Wtedy dymny kocur demonstracyjnie wybił się nad ziemię na długość lisa i zatrzymał się na pniu, robiąc na korze ślad pazurów. Potem zręcznie wykręcił się w powietrzu i spadł na cztery łapy. Kocięta pisnęły zachwycone i zaczęły entuzjastycznie podskakiwać. Myszołów spojrzał na nie z zadowoleniem, podczas gdy dumny pomruk wydobył się z jego gardła. Zachęcająco kiwnął głową w stronę Mirabelka, aby też spróbował wspinaczki. Kocurek energicznie wbił pazury w drzewo, ale za pierwszym razem nie udało mu się podciągnąć. Myszołów jednak nie zaprzestał chwalić syna,  z kolei Brzoskwinka cały czas mu wtórowała. Śliwka przypatrywała się temu wszystkiemu z ogromną ciekawością. Już miała podejść do tej roześmianej gromadki i też spróbować wspinaczki, ale na miejscu zatrzymała ją Cicha. Niebieska szylkretka delikatnie pacnęła Śliwkę w ucho i wskazała ogonem w stronę jednego z mniejszych drzewek za plecami Myszołowa. Już kilka uderzeń serca potem z ogromnym zapałem zaczęła piąć się w górę po stromej korze. Śliwka z podziwem stanęła pod pniem i przyglądała się poczynaniom siostry. Po chwili zrozumiała jednak, że ta zabawa może się skończyć katastrofalnie.
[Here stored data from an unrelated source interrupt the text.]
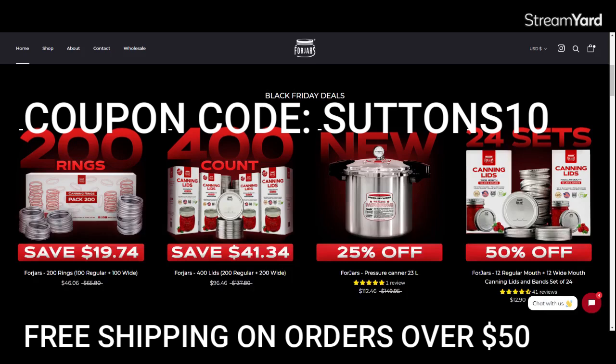If it's at all humanly possible and you want a canner and lids, this is when to get them. This is the most amazing sale ever. When does it happen? This goes into effect tomorrow, which is Black Friday, and it stays in effect until Monday night — 11:59 PM Eastern Standard Time. So you have Friday, Saturday, Sunday, and Monday to stock up on these fantastic lids and rings.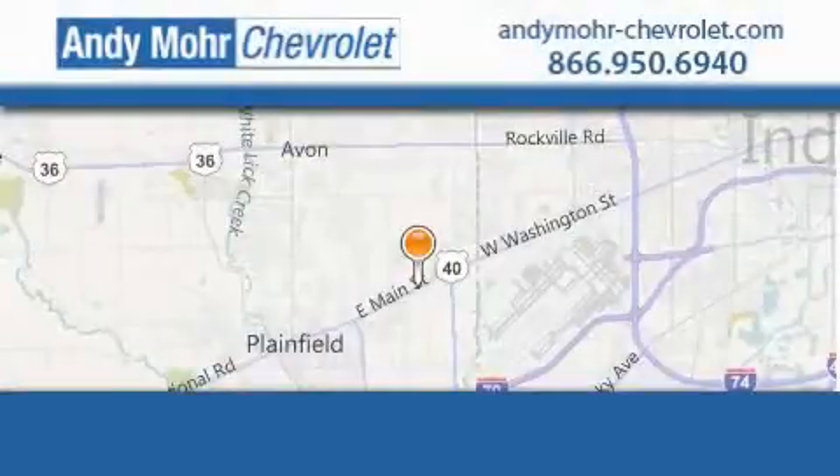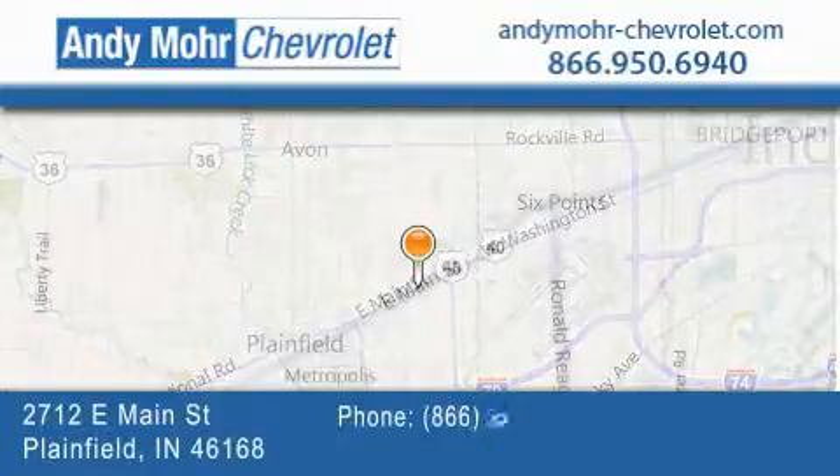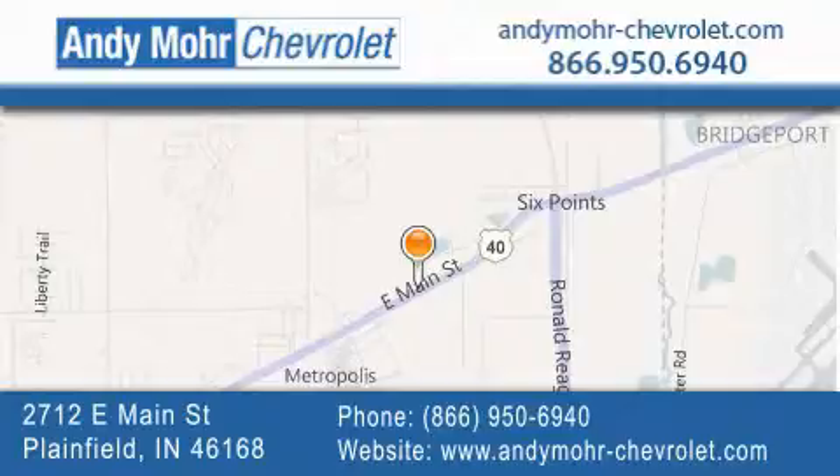Andy Moore Chevrolet is the place to find new Chevrolet cars as well as pre-owned cars in Indianapolis. You can visit our new and pre-owned inventory online, get new car pricing and receive free no obligation price quotes. Visit Andy Moore Chevrolet today at 2712 East Main Street in Plainfield, or see us online at andymoore-chevrolet.com.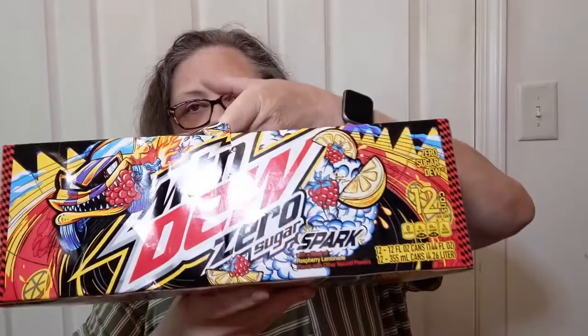I also saw Mountain Dew Zero Sugar Spark — I would never have purchased this at a regular price, but this 12-pack was $2.50. It's diet soda, supposedly with a blast of raspberry lemonade. I don't know how that's going to be in a Mountain Dew, but I'll find out for that price. I just picked up one. The hubby doesn't like Mountain Dew or lemonade at all.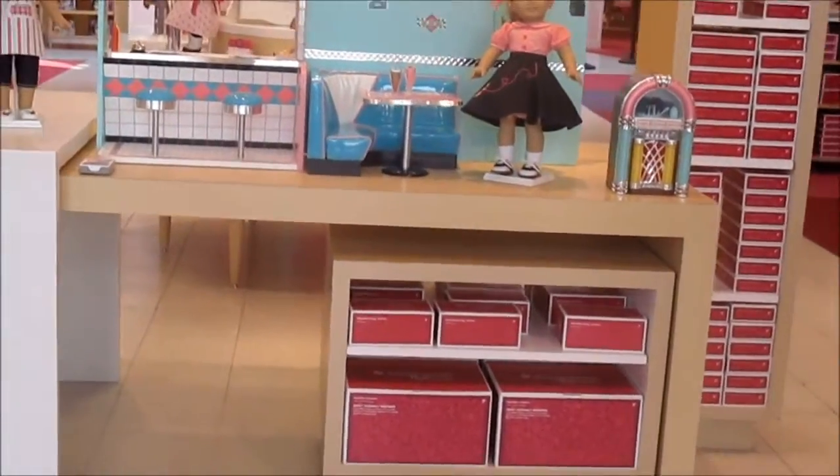Hello everybody, it is Kate and I'm at the American Girl Place. I'm going to get Lexi's ears pierced — here she is! I'm so excited, let's go inside.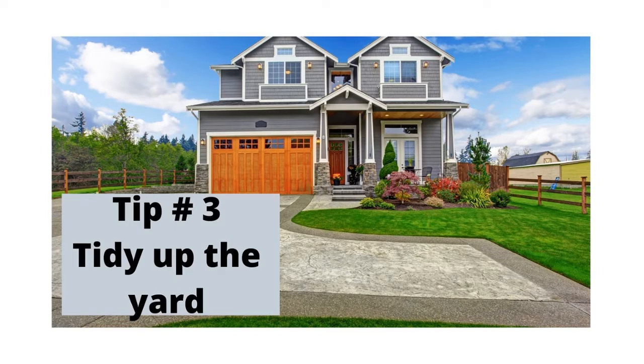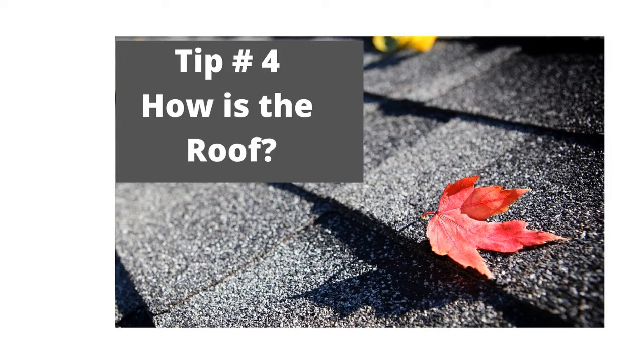Tip number three: tidy up the yard. The grass is growing and so are the weeds. It is super important for your home to have a nice street appeal. We want people to drive by and then want to make an appointment to view the inside of your home. So mow the lawn, pull the weeds, put down some beauty bark, and plant some pretty flowers. How is the roof? Make sure the roof is clean and moss-free and has at least five years left of its life. Be sure you don't pressure wash it, as you can remove some of the granules and that's not good for it — but make sure you sweep it clean.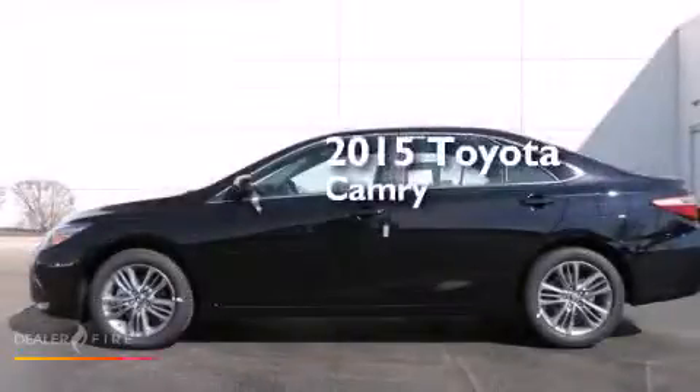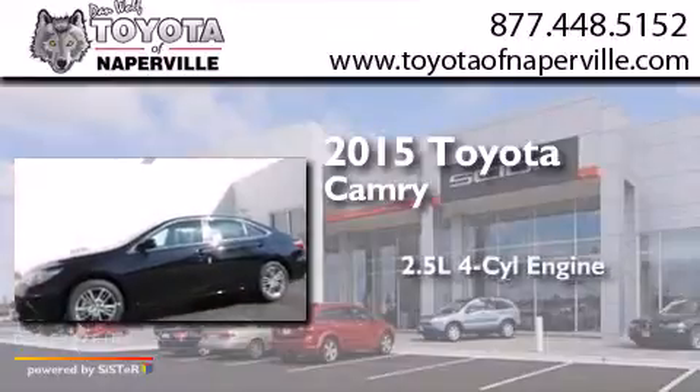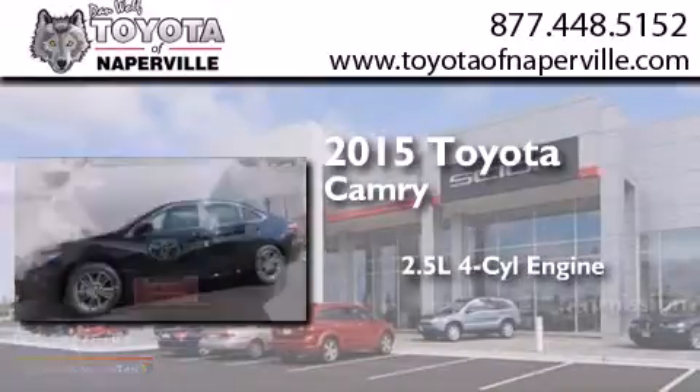This is a brand new 2015 Toyota Camry. It has a 2.5 liter 4-cylinder engine and an automatic transmission.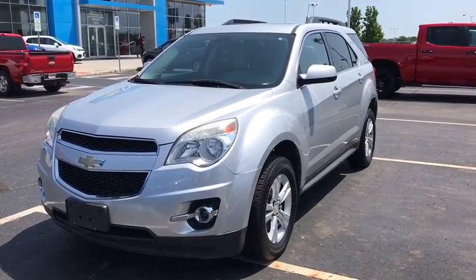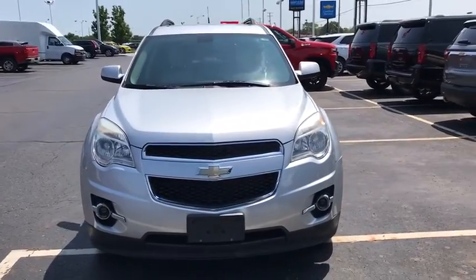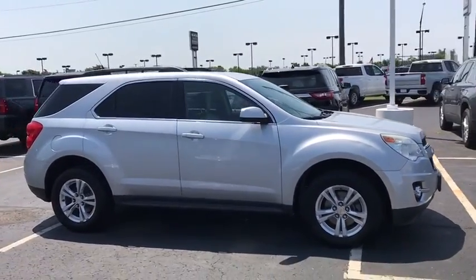2011 Chevrolet Equinox. Fuel efficiency, safety, and value equals the Chevy Equinox. This vehicle has less than 85,000 miles. Here are some of this vehicle's great options.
Cicha dobrze sobie radziła na drzewie, ale co, jeśli spadnie i coś sobie zrobi? Mama chyba już nigdy nie pozwoliłaby im wyjść! Koteczka oparła się przednimi łapkami o drzewo i miauknęła:
- Cicha, powinnaś zejść. Gdybyś spadła i coś by ci się stało, mama byłaby zła. Tata też pewnie by oberwał. No chodź!
Cicha spojrzała na nią wymownie, ale tylko strzepnęła ogonem i wspinała się dalej. Śliwka postanowiła, że skoro słownie nie da rady przemówić siostrze do rozsądku, trzeba będzie samodzielnie ją ściągnąć na ziemię. Inaczej mama na pewno każe im siedzieć w żłobku, a przecież na dworze było tak fajnie! Spróbowała się podciągnąć, ale nie poszło jej najlepiej. Postanowiła więc się wycofać i wziąć rozbieg. Rozwijanie zawrotnych prędkości raczej nie było jej mocną stroną, ale miała nadzieję, że to, co umie, wystarczy. Rozpędziła się na tyle, na ile potrafiła i uczepiła się pnia prawie na długość ogona nad ziemią. Cicha co prawda siedziała już nieco wyżej, ale dla Śliwki nie stanowiło to przeszkody. Zebrała się w sobie i z nową siłą ruszyła ku siostrze. Już prawie mogła chwycić ją za ogon, potem za nogę, po chwili już za kark. Była jednak za mało ostrożna. Jedna z łapek jej się obsunęła i czekoladowa szylkretka runęła w dół, prosto w największą zaspę, jaka leżała na ziemi. Nie omieszkała wydać przy tym cichego pisku, który to niemal od razu wychwycił wyczulony słuch Myszołowa. Zdjął Mirabelka z drzewa, wykonał kilka susów i prawie natychmiast znalazł się pysk w pysk z uczepioną pnia Cichą. Tuż pod jego łapami leżała przemarznięta Śliwka, czekając, aż nadejdzie nieuchronna chwila, w której ojciec ją zauważy. Dymny kocur bynajmniej nie był zadowolony z tej samodzielnej wyprawy na drzewo.